AM I hope you have a lovely day for Ellas Christening tomorrow. Is anybody else Christening their babies?
Scoot I hope you bf is ok when you go and see him tomorrow, how for him. I would have thought it might be to early for them to be teething, but I don't know. C's just cranky all the time, her fathers genes - not mine!
Julie, your poor dp! Am a bit that nobody has offered to come down and help you with A, even if it is just for an hour. I would but 1, I live in Scotland and 2, I can't even handle my own child at the minute lol!
Well I am feeling thouroughly sorry for myself and depressed. I just joined up to Facebook and tracked down lots of my old school friends who are all thin, gorgeous, well groomed, tanned, have clothes to die for, have amazing social lives, are getting on well at uni, seem to have loads of money, all drive and have cars, are in relationships with really nice, good looking guys, I could go on and on. I am currently sat here in a pair of pj's that are a gazillion years old, covered in baby spit and have half of my dinner down the front of my top because C needed feeding at the same time I was eating. My hair needs washing and is tied up like Caroles from Big Brother, and I have 2 stone of weight to loose- still. I can't remember the last time I saw another human being that I wasn't related to and the nice clothes I did buy for myself last month probably no longer fit.
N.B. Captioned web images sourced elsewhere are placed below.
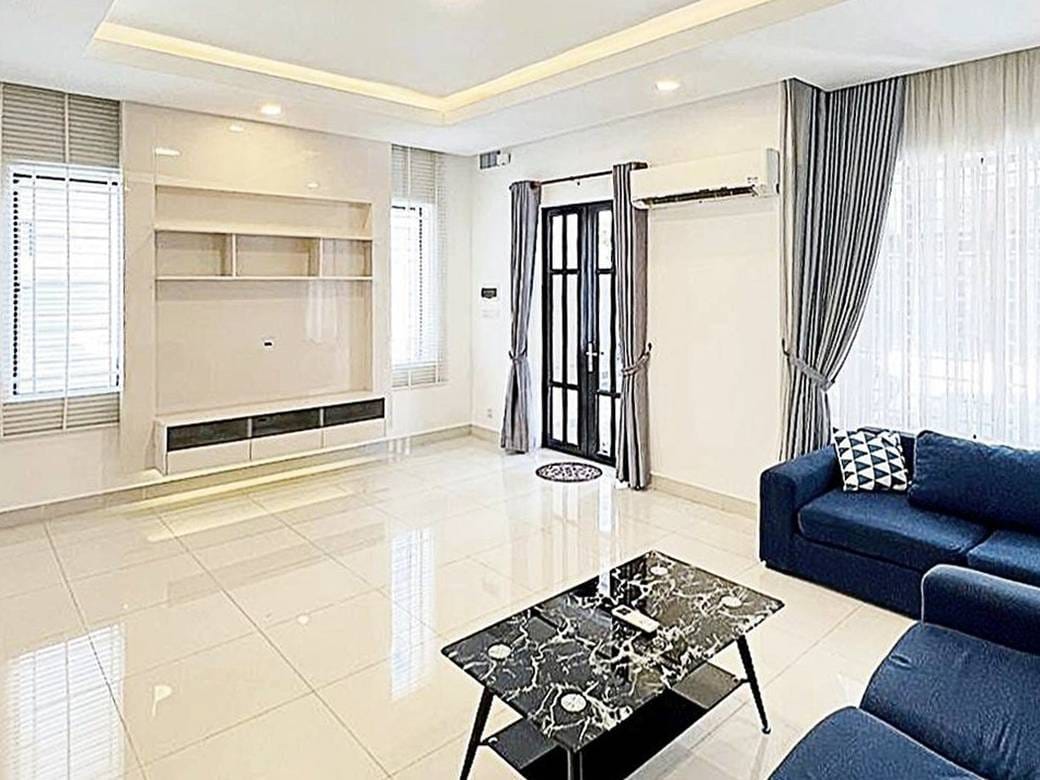 Borey Peng Huoth: The Star Platinum Euro Ville | Dvojvila K pronájmu in Nirouth, Chbar Ampov, Phnom Penh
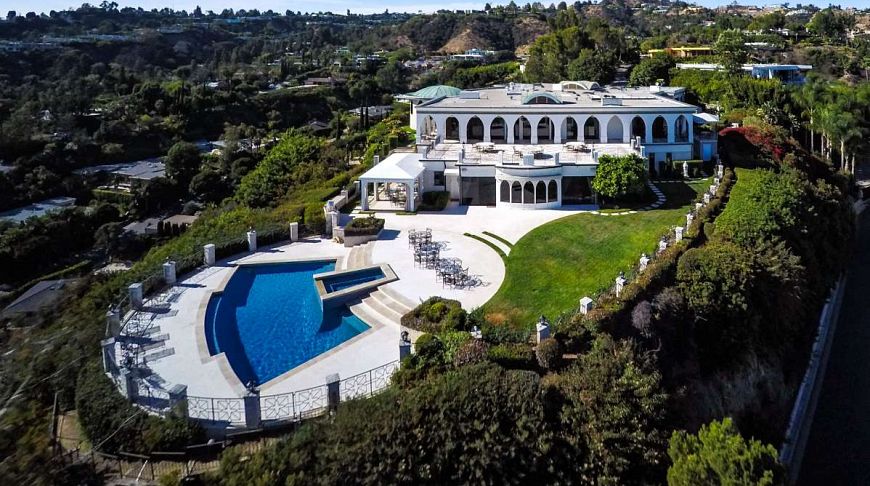 ТОП-10 самых дорогих домов Лос-Анджелеса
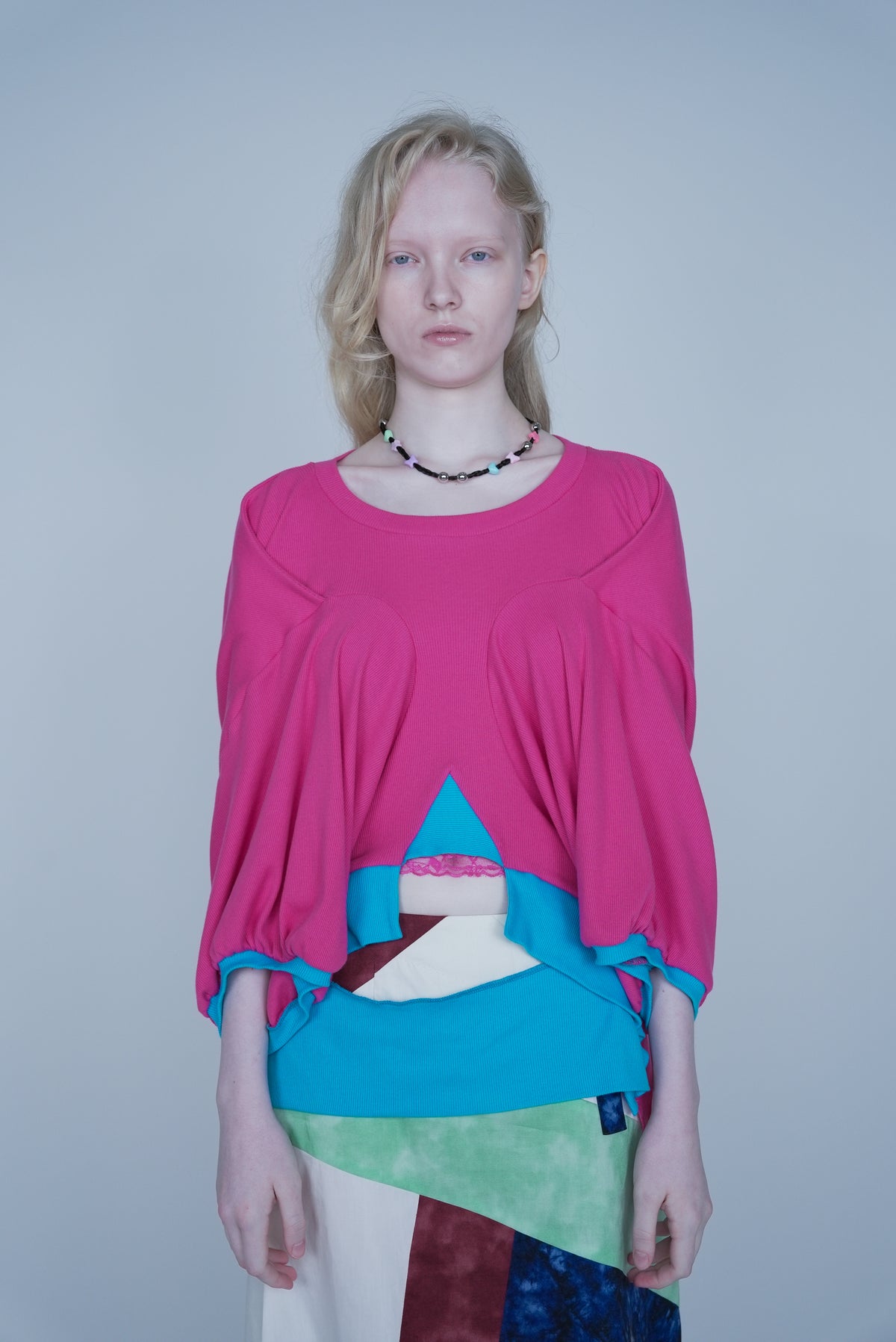 [SS27 Order] High 5 Polo / Magenta / JFSS27B03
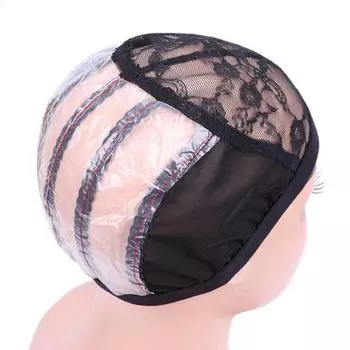 3 размера купольная сетка парик шапочки L/M/S сетчатая плетеная шапочка аксессуары для волос невидимая сетка для волос для мужчин L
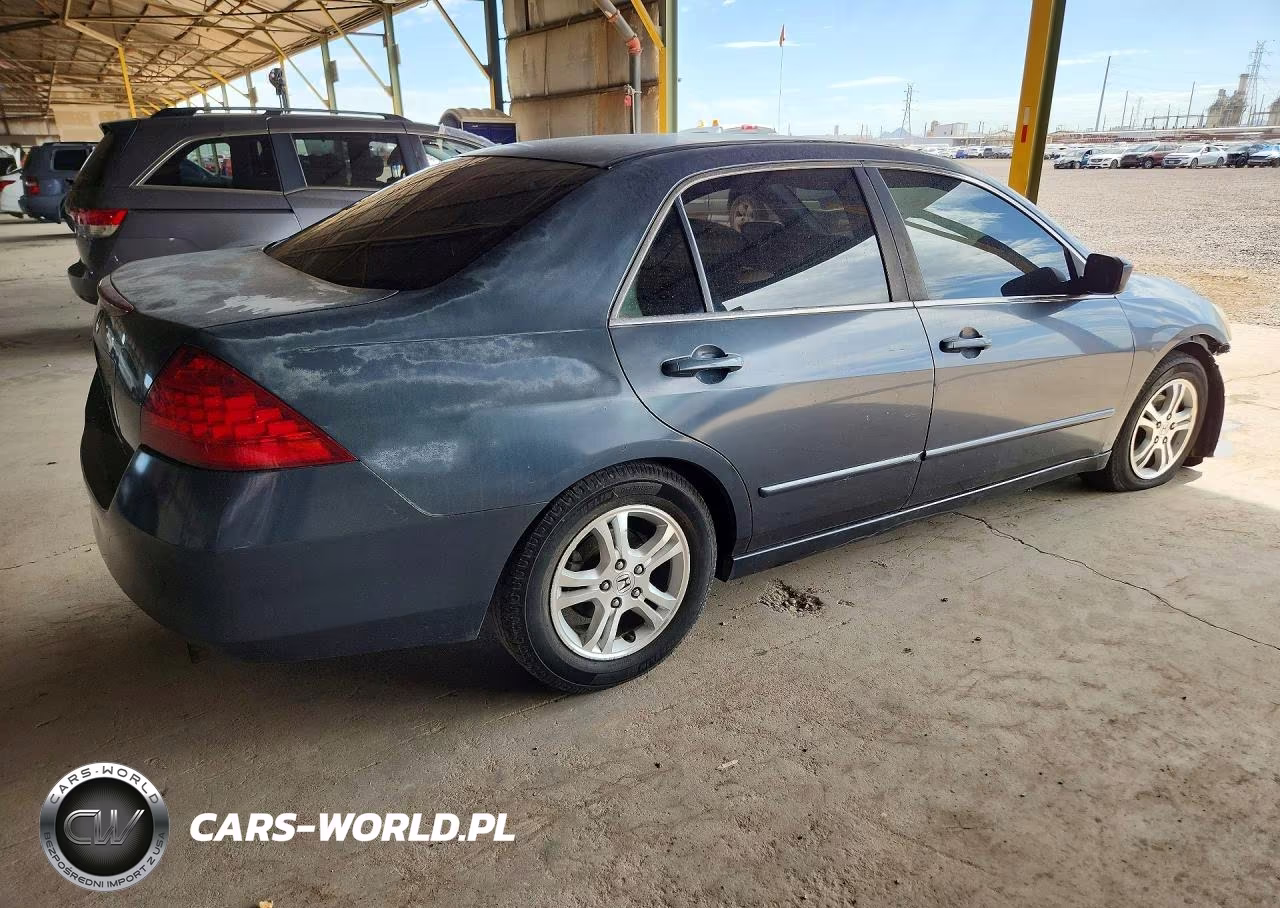 2007 Honda Accord Se VIN:JHMCM56397C010193 - 3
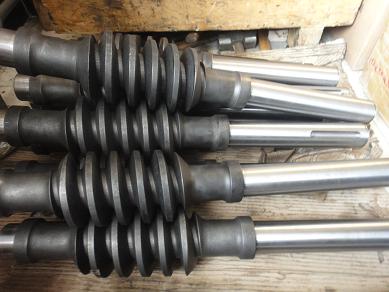 Forging Worm Shaft with CNC Machining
I think it's only just now that the cold, harsh reality of not having the life I once did is setting in. I know I have Charlotte and I wouldn't give her up for anything, but I'm really finding myself pining for my old lifestyle recently. I'm 20 and I feel like everythings frickin collapsed! I really need to sort myself out. Sorry to go on when there are some of you guys who have really ill friends/partners. Like I said, feeling sorry for myself! And I'm lonely, I want a nice guy to give me a cuddle! Miss being in a relationship with somebody, you lot are so lucky to have nice dps/dhs!